States around the country are working to give consumers more control over their data being sold by data brokers—the thousands of firms that comprise a multi-billion dollar industry of companies collecting, aggregating, analyzing, and selling and sharing people’s data. California regulators are implementing the Delete Act, which requires that by January 1, 2026, the California Privacy Protection Agency provides consumers with an accessible, one-stop-shop website where they can tell some third-party data brokers to stop selling some of their data; Vermont, Nebraska, and Illinois just introduced their own Delete Acts, too.

While the states work away on rules for the highly unregulated data broker industry, brokers and their allies are rolling out the attacks. The latest target? Companies providing consumers with data deletion and opt-out services, so-called authorized agents that act on people’s behalf. The International Association for Privacy Professionals (IAPP) published an op-ed on February 13 from the vice president and general counsel of the Network Advertising Initiative, an adtech trade group, arguing that some authorized agent providers are “selling privacy snake oil” and that “it needs to stop.”

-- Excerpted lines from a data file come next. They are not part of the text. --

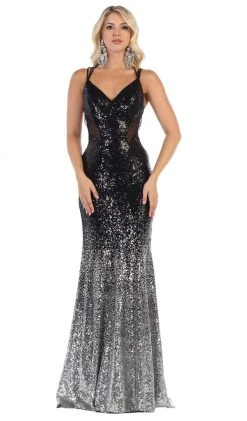 May Queen - RQ7677 Ombre Embellished V-neck Trumpet Dress Formal Gowns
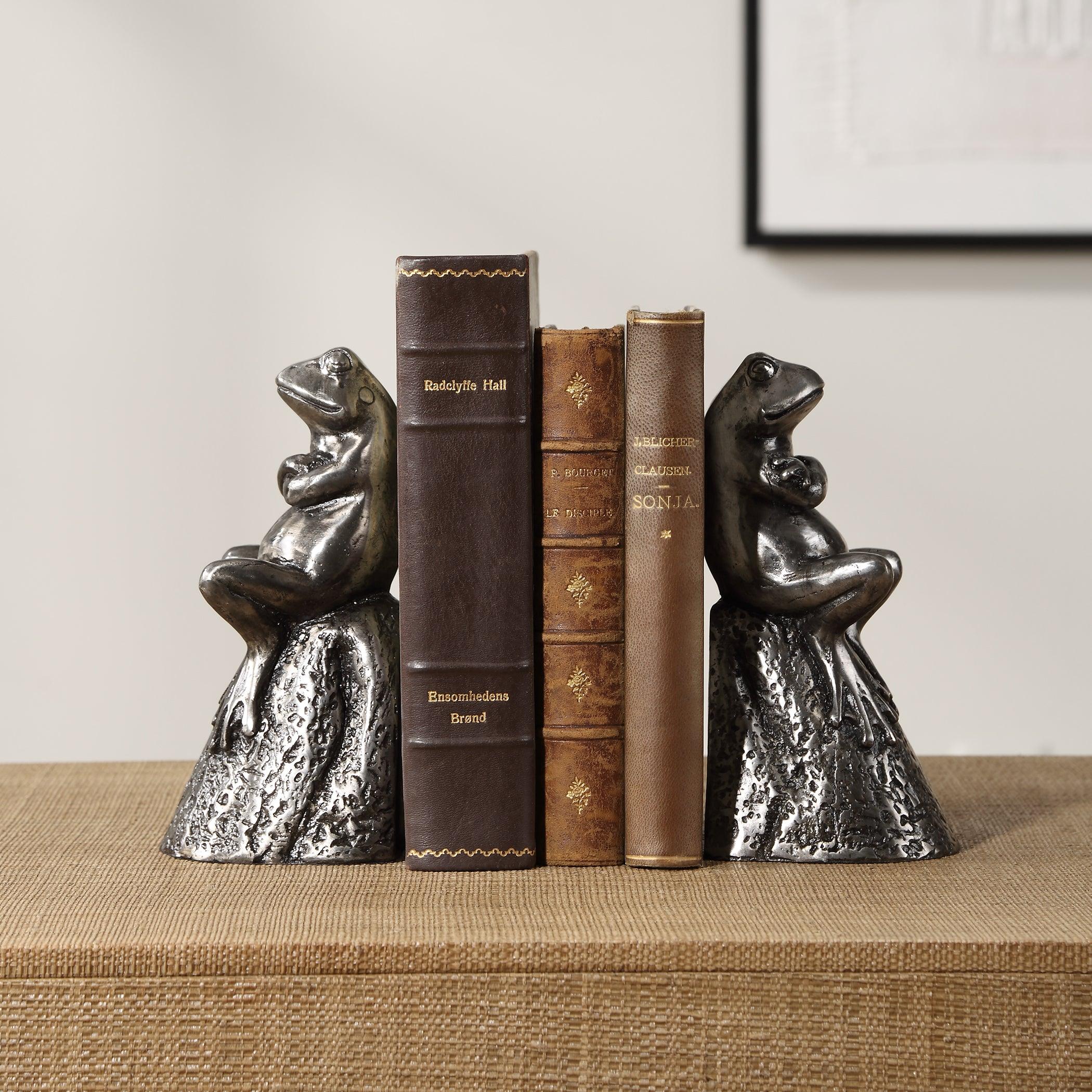 Daydreaming Frogs Aged Silver Bookends, S/2 - Remutear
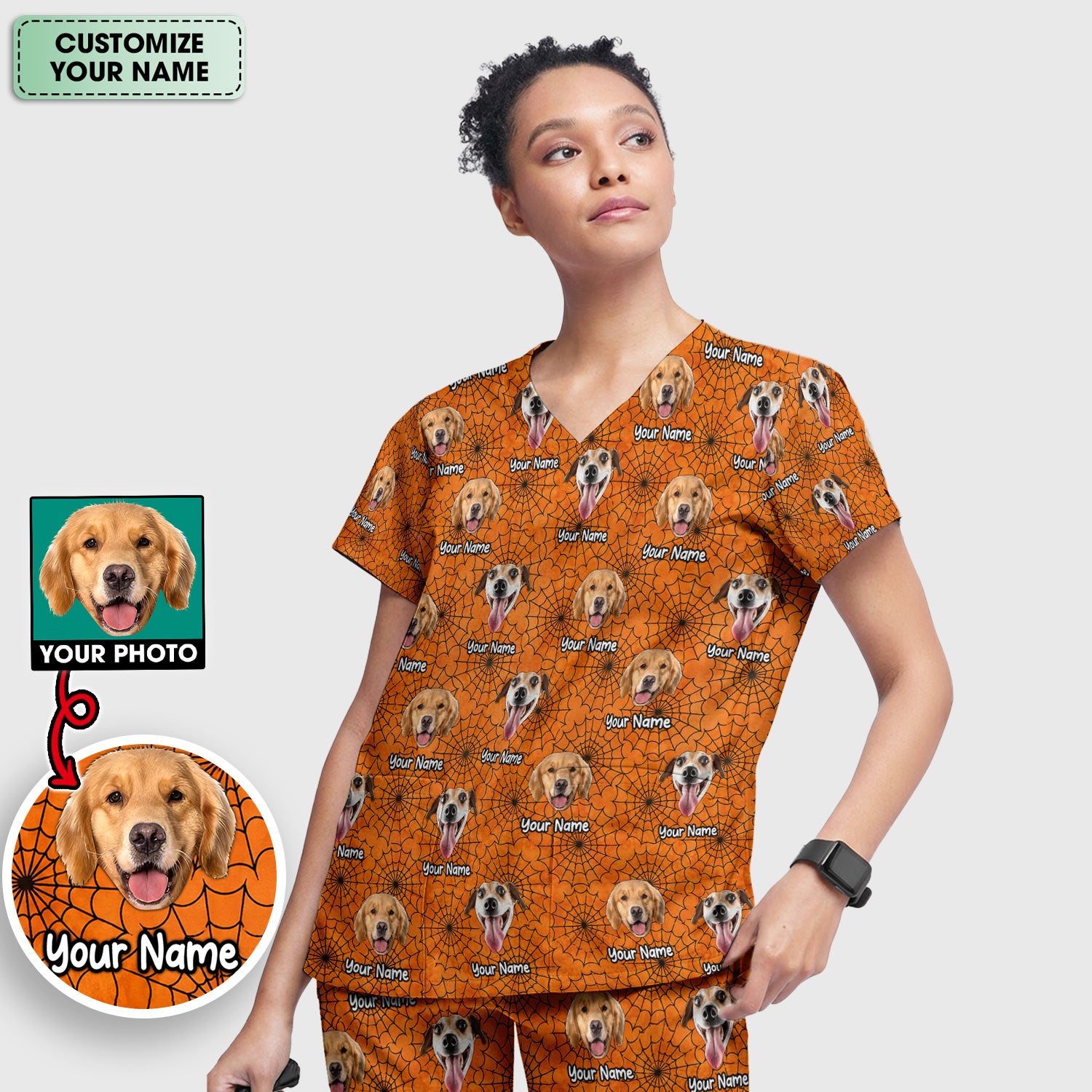 Personalized Halloween Dog Photo Spiderweb Scrub Set, Scrub Pants and V Neck Top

The op-ed nominally pointed out places where some providers could improve their offerings, yet it simultaneously painted with a broad brush implying that the industry in general misleads consumers, fails to effectively exercise consumers’ rights, and creates more privacy concerns than it addresses. These arguments are misleading, do not offer specific alternatives for quickly and effectively processing consumer requests, and shift the focus away from data brokers amassing people’s data without their knowledge or actual consent in the first place. Hidden within the language, these narratives also highlight that data brokers are looking to defy their subjects’ consent requests unless the law compels them—outright rejection of consumer will.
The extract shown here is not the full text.